A Causal Lens for Controllable Text Generation

Authors: Zhiting Hu, Li Erran Li

NeurIPS 2021 | Conference PDF | Archive PDF | Plain Text | LLM Run Details

Reproducibility Variable Result LLM Response
Research Type Experimental Experiments show significant superiority of the causal approach over previous conditional models for improved control accuracy and reduced bias.
Researcher Affiliation Collaboration Zhiting Hu1,2, Li Erran Li2 1UC San Diego, 2AWS AI, Amazon
Pseudocode No The paper does not include any pseudocode or clearly labeled algorithm blocks.
Open Source Code No The paper does not contain any explicit statement about releasing open-source code for the described methodology or a link to a code repository.
Open Datasets Yes Our first dataset is derived from the YELP challenge2 that contains customer reviews of different categories. Sentiment (1:positive vs. 0:negative) is the attribute we aim to control, and the category of review object (1:restaurant vs. 0:others) is the confounding factor. Specifically, we extract a subset of data where 90% restaurant reviews are of positive sentiment, while 90% reviews to other entities (e.g., shopping) are of negative sentiment (thus a 90% correlation strength). We keep the category labels for less than 2% of training data. The resulting data has 510K/6K training/validation examples, wherein 10K training examples have observable confounding category labels3. For evaluation, we further create a balanced test set of 13K examples with correlation strength 50% (i.e., no correlation). Following the previous controllable generation [22, 64], we focus on generating short text, by truncating the output text in the data to 20 tokens at maximum. The second dataset is from the BIOS corpus [10] that contains online biographies with gender and occupation labels.
Dataset Splits Yes The resulting data has 510K/6K training/validation examples... The second dataset is from the BIOS corpus [10]... We randomly split the dataset into 43K training and 2K validation examples, and keep the binary occupation labels for only 3K randomly selected training examples (among which only 5% 3K=150 examples have opposite gender and occupation labels).
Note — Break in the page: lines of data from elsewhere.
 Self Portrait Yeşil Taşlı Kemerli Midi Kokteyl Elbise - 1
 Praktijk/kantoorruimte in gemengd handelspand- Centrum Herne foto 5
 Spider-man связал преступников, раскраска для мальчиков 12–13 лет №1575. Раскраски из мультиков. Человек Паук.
As above, we further create a balanced test set of 2K examples for evaluation, and truncate the output text to no more than 20 tokens.
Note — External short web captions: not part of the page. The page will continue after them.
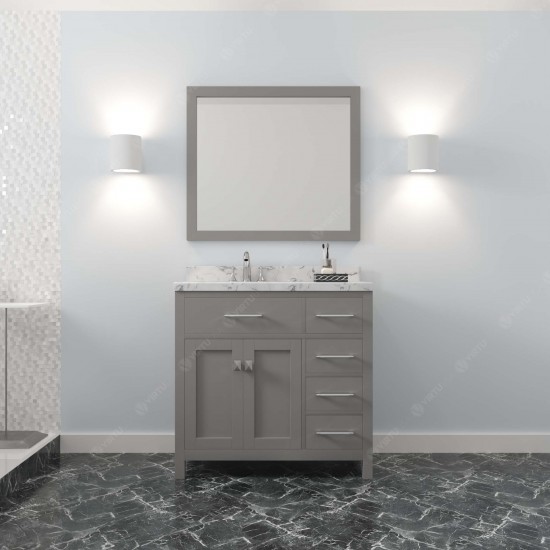 Caroline Parkway 36" Bath Vanity in Gray, Quartz Top, Sink, MS-2136R-CMSQ-CG-002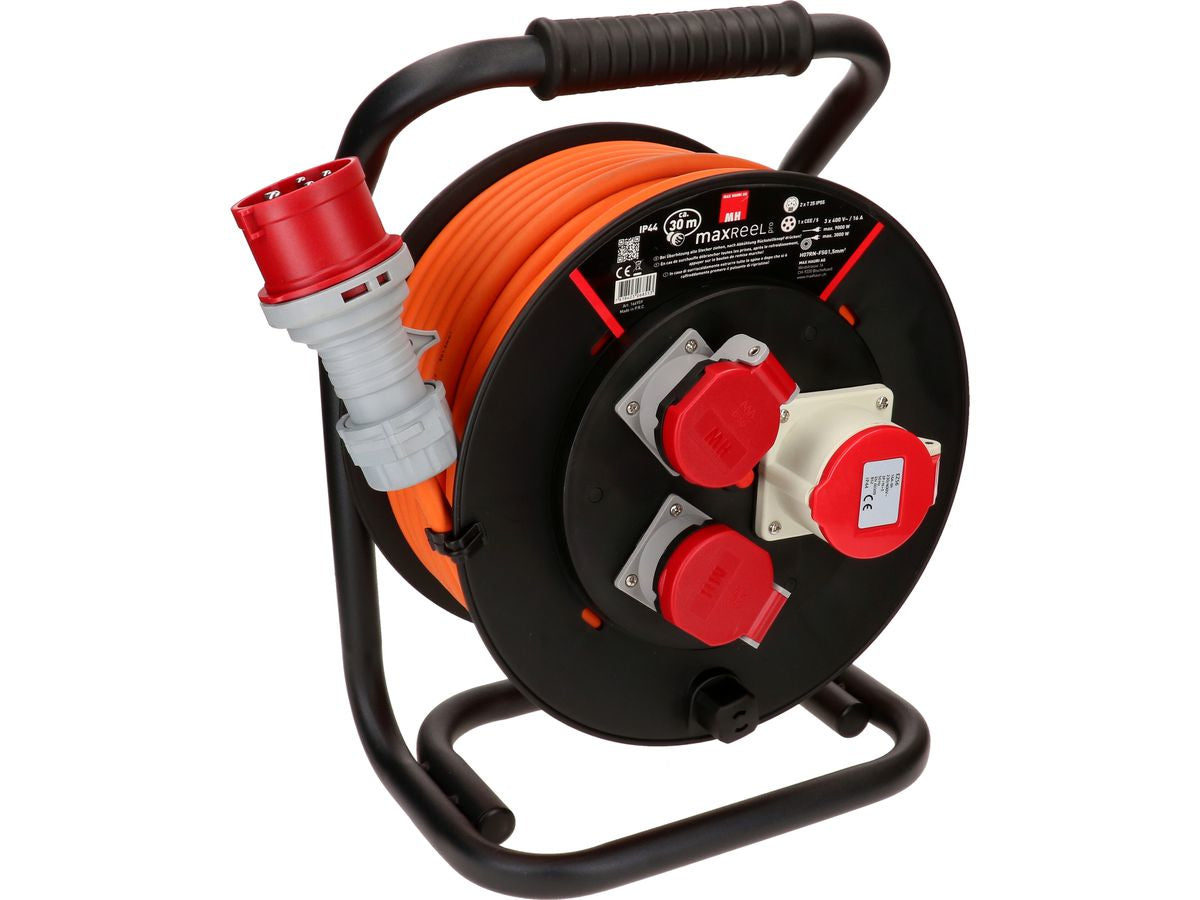 Max Hauri AG Max Hauri Kabelrolle, 30 m, (2×T25 + 1×CEE 16-5), IP44, Eingang CEE 16-5 – schwarz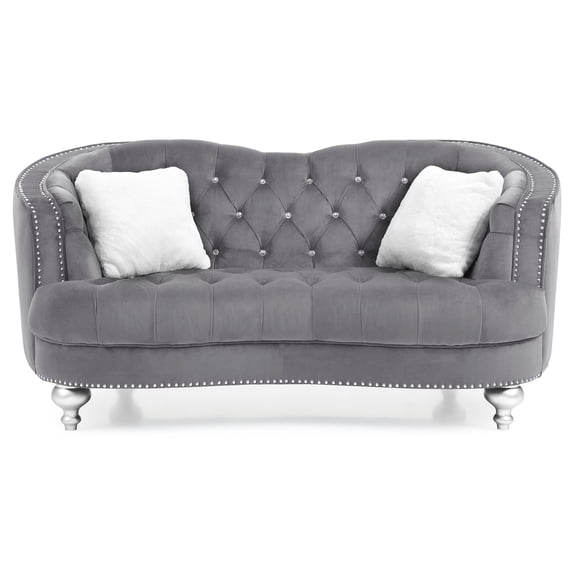 Passion Furniture PF-G755-L Jewel 71 in. Flared Arm Polyester Straight Sofa in Gray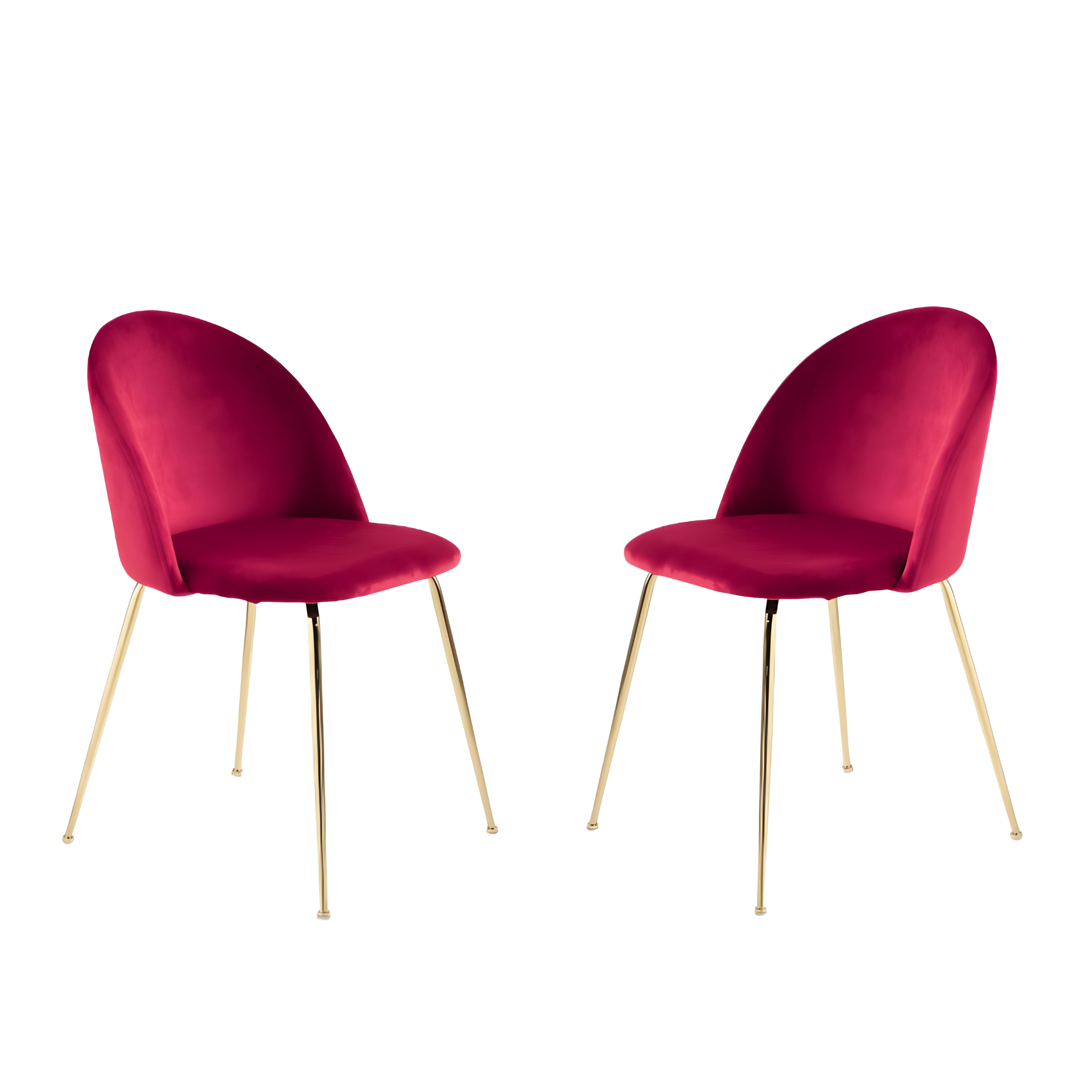 Set of "Dama" dining chairs in velvet with painted metal frame, 52x50 cm, 81h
Hardware Specification Yes All experiments were conducted on 8 Tesla V100 GPUs.
Software Dependencies No The paper mentions using GPT-2 architecture and Adam W optimizer but does not provide specific version numbers for software dependencies such as programming languages, deep learning frameworks, or libraries.
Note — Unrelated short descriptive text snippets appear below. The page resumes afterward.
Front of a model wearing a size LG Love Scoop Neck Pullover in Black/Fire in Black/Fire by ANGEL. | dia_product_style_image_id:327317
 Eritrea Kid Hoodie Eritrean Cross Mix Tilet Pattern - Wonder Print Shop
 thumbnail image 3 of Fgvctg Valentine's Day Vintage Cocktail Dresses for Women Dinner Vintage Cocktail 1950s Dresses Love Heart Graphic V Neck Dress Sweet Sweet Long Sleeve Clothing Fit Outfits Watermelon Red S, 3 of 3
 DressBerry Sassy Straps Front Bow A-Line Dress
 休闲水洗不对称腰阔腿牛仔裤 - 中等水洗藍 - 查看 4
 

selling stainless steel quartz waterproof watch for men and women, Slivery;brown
Experiment Setup Yes The model is trained with Adam W optimizer [42] using an initial learning rate of 1e-6. ... In the objective, λa, λc, and λkl > 0 are balancing hyperparameters. We set λc to 0 when proxy c is not available, and otherwise select from {0.01, 0.1, 1} based on validation, same as λa. We use the cyclic schedule from [36] to anneal λkl from 0 to 1 to avoid excessive regularization of the KL term. ... In practice, we found the model is not sensitive to the choices of those hyperparameters. We set each of them to either 0.5 or 1.0 based on validation.